New fishing system is working, say island officials

Island nations are now trading fishing days under a new scheme that aims to reduce tuna catches in the region by 30 percent compared to 2010.

The Solomon Islands has agreed to terms with the Marshall Islands to buy unused fishing days from the Marshall Islands, according to Transform Aqorau, the director of the Parties to the Nauru Agreement office in Majuro. This follows Papua New Guinea’s recent purchase of 500 days from Palau.

In both cases, the South Pacific nations had run out of the days allotted to them for 2011 by the eight-member PNA, which controls a vast ocean area where 25 percent of the world’s tuna are caught annually. The PNA also announced plans this week to hike the price of a “fishing day” to $5,000 beginning next year.

Some observers see 2011 as a test of PNA’s resolve to cut back fishing. At the end of 2010, PNA members — Papua New Guinea, Solomon Islands, Palau, Federated States of Micronesia, Kiribati, Nauru, Tuvalu and the Marshall Islands — agreed to cut fishing days from more than 40,000 last year to about 28,000 this year. In past years, some PNA members ignored limits and continued selling fishing days above their predetermined limits.

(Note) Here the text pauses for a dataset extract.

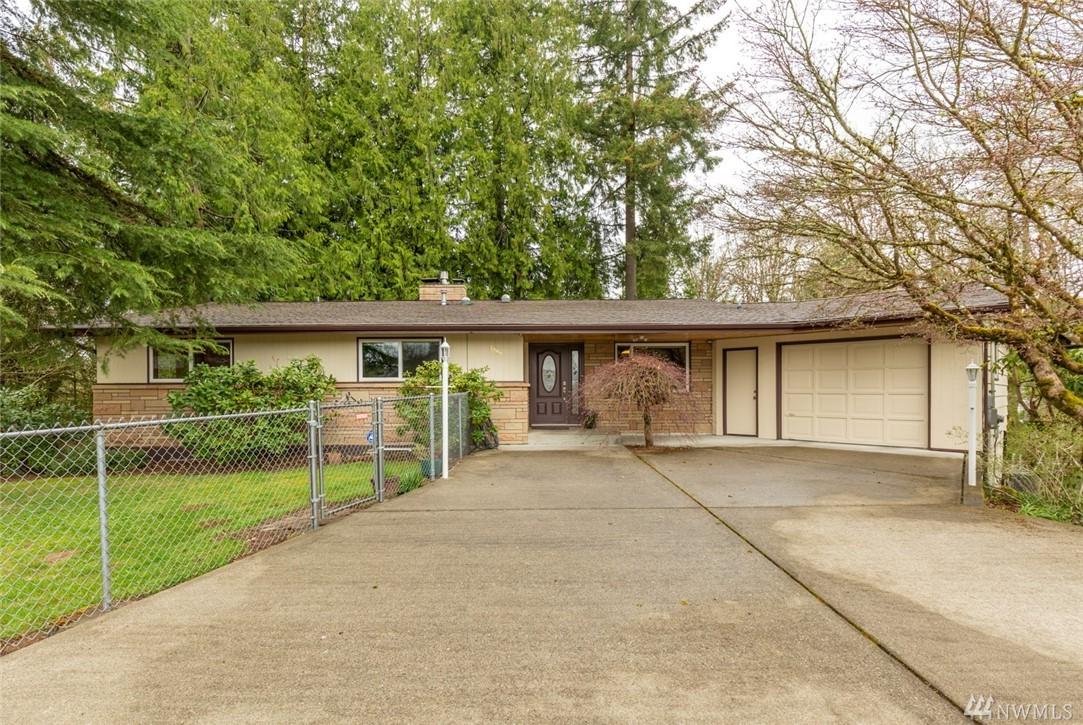 1005 Lake Park Dr - Photo 1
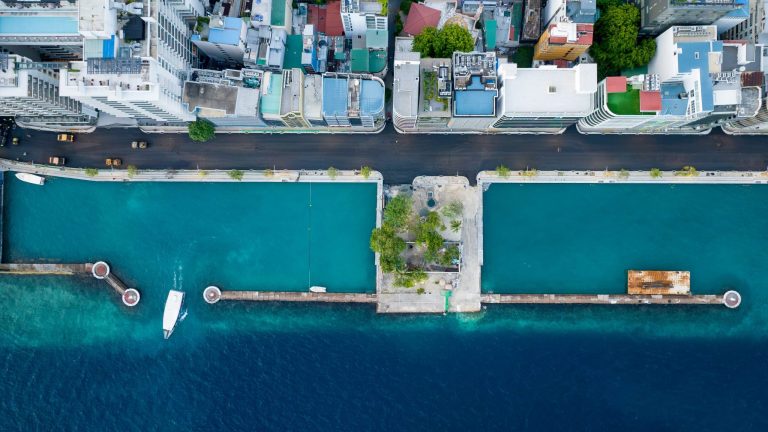 އެމްޓީސީސީ އިން ބޮޑުތަކުރުފާނު މަގުގެ ބޮޑު ބައެއްގައި ތާރު އަޅައި ނިންމާލައިފި- ފޮޓޯ: އެމްޓީސީސީ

But Aqorau said that is changing this year, with PNA members showing commitment to limiting the sale of fishing days to fishing companies based on the agreed-to level.

In late 2010, Nauru ran out of fishing days and bought unused days from the Marshall Islands — the first time that any of the eight members had traded since the new “vessel day scheme” was implemented several years ago. While this trade was a positive development in the evolution of the vessel day scheme, both Nauru and the Marshall Islands are minor players in the PNA. The key is what the fishing “giants” that control the most lucrative fishing grounds — Papua New Guinea, Solomons and Kiribati — do.

This year, indications are they are backing the reduction by making use of the PNA vessel day scheme trading system.

“There are likely to be more trades in 2011,” said Maurice Brownjohn, PNA’s Commercial Manager based in Majuro.